長い話じゃないので難しくはないですが、紙と鉛筆が渡されるので不安な方はリスニング中にメモを取ることも可能です。
ディスカッション
これから旅行したい国について
与えられたテーマは「旅行」でした。
どの国に行きたいか、その国に決めた理由は何か、そこでどんなことをしたいか……など、旅行プランについてパートナーと話し合っていくという感じです。
このパートのポイントとしては、ただ自分の意見を述べるだけでなく、相手の意見に同意したり、こういうことですかと自分の考えを上乗せしてみたり、確認してみたり、2人で作業している感じを試験官に見せれば勝ちです。
試験後に感じたこと
公式ではB1の試験時間は「22分程度」と書かれていましたが、本番は緊張もするでしょうし、個人的には一瞬に感じました。
いつも通り、試験時間と受験料が釣り合ってないという愚痴を言いたくなる感じですかね(笑)
試験内容は「A1」よりも難しく、話す回数、時間も増えて、より高度なスキルが求められているように感じましたが、普段からパートナーと英語でやり取りをしている方なら特に対策をしなくとも問題なく合格できる程度のレベルじゃないかと思います。
パートナーの彼女は、
———ねぇ、私たち絶対合格じゃん! これで落ちるわけないよね? やったー、超嬉しい!
と、あり得ないほど強気で、改めて世界は広いなと思い知らされました(笑)
試験結果
結果は数日後にオンラインで発表され、その後、自宅に書類が郵送されます。


はい、ということで彼女の言った通り、無事に「B1」に合格することができました。
ということで間違いなく彼女も合格したことでしょう、なんせ帰り際にハイタッチまでさせられましたからね 😂
東ロンドンで受験したのにスタンプが〝London North〟になっているのは謎ですが、ノースロンドンと言えば我らが「アーセナル」なので全然問題なし、というか逆に嬉しいのでオーケー(笑)
対策
IELTS Life Skills は「リスニング」と「スピーキング」のみで合否が決まるので、一夜漬けで何とかなるものではなく、対策がしづらいです。

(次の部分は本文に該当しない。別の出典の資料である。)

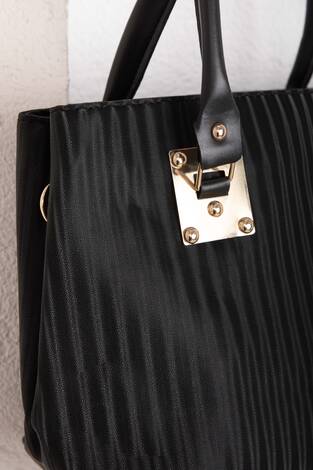 Aura Serisi Kol Çantası Siyah - Thumbnail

それでも英語を使ったコミュニケーションを増やし、それを地道に続けていくことがスキルアップに繋がるはず。
パートナー次第、運ゲー、みたいな意見もありますが、個々の技量が見られていることを考えると、パートナーでなく自分に集中することの方が合格への近道ではないかと感じます。

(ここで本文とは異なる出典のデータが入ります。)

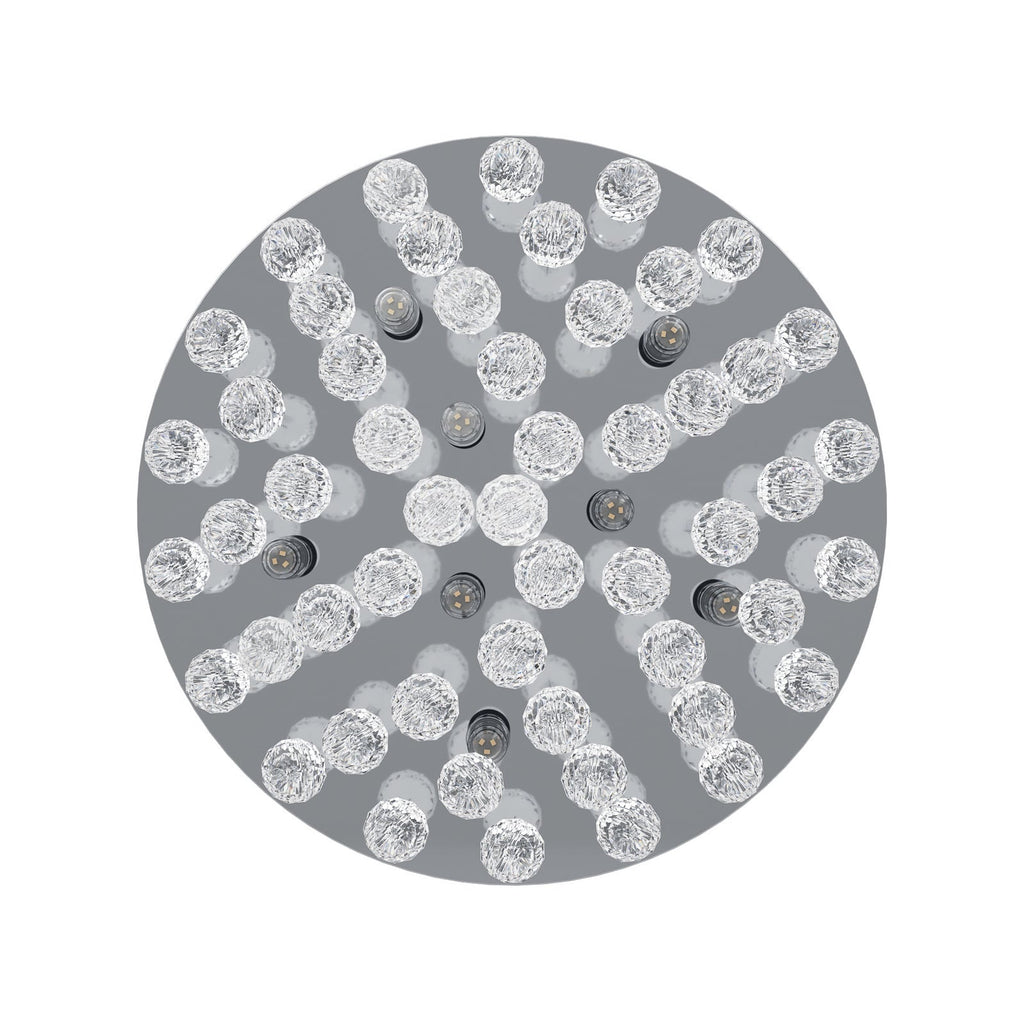 Krystallkjeder på Taklampe Almonte krystallglass Ø50 cm G9 IP44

例えば、レストランでバイトをしていてある特定の人とだけ会話ができない、なんてことはないですからね。必ず色んなお客さんと会話する機会があるわけで、何を言っているか分からなくても、分からないなりに理解しようとするのがコミュニケーションなわけです。
この試験はイギリスで生きていくためのポテンシャルがあるかどうかを確認するものなので、別に分からなくても相手に聞けばオーケーじゃん、とそういう心持ちでいた方がいいんじゃないかと個人的には思っています。
その上で、心構えとして以下の動画を視聴しておくことを勧めます。
A1受験の記事内でも紹介しましたが、IELTS Life Skills について知るにはこの動画が一番です。
試験の雰囲気、大まかな流れ、攻略のヒントになるようなことも話してくれています。自分はA1、B1どちらも受験しましたが、大体こんな感じです。試験官によって多少の違いはあるかもしれませんが、自分の経験だと、本番の試験はこの動画よりもう少しフランクな雰囲気でしたね。
コツは動画内でも言及されている通り、シンプルに、テンポ良く、ラリーを繋ぐように心掛けること。普段通りに話せばいいわけですが、試験ということでスラングを使うのは避けた方がいいでしょう。
IELTS の公式ホームページにはリスニングのサンプルが用意されているので、より詳しく知りたい方はチェックしておくと良いかと思います。


というわけで、無事に更新できた暁にはもう一度全体のプロセスについて書こうと思っているので、それまでしばしお待ちを。